Petitioner, Robert Vault, was jointly charged with two other co-defendants with the crime of Murder in the First Degree. On November 6, 1972, Vault moved for a severance under the provisions of Ark. Stat. Ann. § 43-1802 (Repl. 1964), such motion being denied by the court. Thereafter, Vault filed petition with this court seeking a Writ of Mandamus, his contention being that the severance provided for in the aforementioned statute is mandatory and the court has no discretion in the matter. The pertinent parts of the section at issue read as follows:

“When two (2) or more defendants are jointly indicted for a capital offense, any defendant requiring it is entitled to a separate trial; when indicted for a felony *76less than capital, defendants may be tried jointly or separately, in the discretion of the trial court.”

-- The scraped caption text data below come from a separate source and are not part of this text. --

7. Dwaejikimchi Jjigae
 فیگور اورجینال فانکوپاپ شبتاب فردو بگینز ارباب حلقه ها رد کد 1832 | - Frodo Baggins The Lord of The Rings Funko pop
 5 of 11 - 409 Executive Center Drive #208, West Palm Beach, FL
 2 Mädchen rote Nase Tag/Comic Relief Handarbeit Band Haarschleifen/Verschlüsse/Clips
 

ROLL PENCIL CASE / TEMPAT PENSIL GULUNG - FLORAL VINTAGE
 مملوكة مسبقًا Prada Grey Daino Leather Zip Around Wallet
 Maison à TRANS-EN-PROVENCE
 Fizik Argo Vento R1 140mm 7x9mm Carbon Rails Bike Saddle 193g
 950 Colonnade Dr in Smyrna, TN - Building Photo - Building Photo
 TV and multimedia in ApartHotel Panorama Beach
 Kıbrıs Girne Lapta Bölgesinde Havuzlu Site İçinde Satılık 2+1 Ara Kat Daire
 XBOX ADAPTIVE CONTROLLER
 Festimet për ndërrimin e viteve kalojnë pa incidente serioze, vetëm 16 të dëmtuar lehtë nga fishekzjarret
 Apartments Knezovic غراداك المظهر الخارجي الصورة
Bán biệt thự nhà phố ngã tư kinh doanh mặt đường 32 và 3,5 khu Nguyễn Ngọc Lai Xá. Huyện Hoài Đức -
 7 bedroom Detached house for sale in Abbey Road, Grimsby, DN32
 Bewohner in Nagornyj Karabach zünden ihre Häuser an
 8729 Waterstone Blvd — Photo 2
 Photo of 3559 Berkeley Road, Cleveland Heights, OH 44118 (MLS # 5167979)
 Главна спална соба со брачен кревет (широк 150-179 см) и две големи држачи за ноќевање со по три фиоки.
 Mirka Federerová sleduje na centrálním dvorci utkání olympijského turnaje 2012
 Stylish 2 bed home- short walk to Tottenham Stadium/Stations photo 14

The filing of this petition is, of course, occasioned by the United States Supreme Court ruling in Furman v. Georgia, 408 U.S. 238, 33 L. Ed. 2d 346 (1972), in which the court decided that where a jury is permitted to decide between the punishments of life and death, the death penalty constitutes cruel and unusual punishment and the court held this interpretation applicable to the States through the Fourteenth Amendment. We recognized this holding in Graham v. State, 253 Ark. November 20, 1972, 486 S.W. 2d 678. Petitioner argues that since “capital offenses” no longer exist, the most severe penalty provided is life imprisonment, and we should construe the statute to hold that one is entitled to a severance when he is subject to the most severe penalty known to the law. To hold otherwise, says petitioner, would be to emasculate the section, which would be contrary to our long-established rules of statutory construction. It is true that we have said that where practicable, statutes will be construed so that every provision contained therein may be operative,1 but we do not agree that such a construction in the petition before us would be practicable. Actually, we are being asked to change the wording “for a capital offense” to “for an offense punishable by life imprisonment”, and such holding would constitute judicial legislation.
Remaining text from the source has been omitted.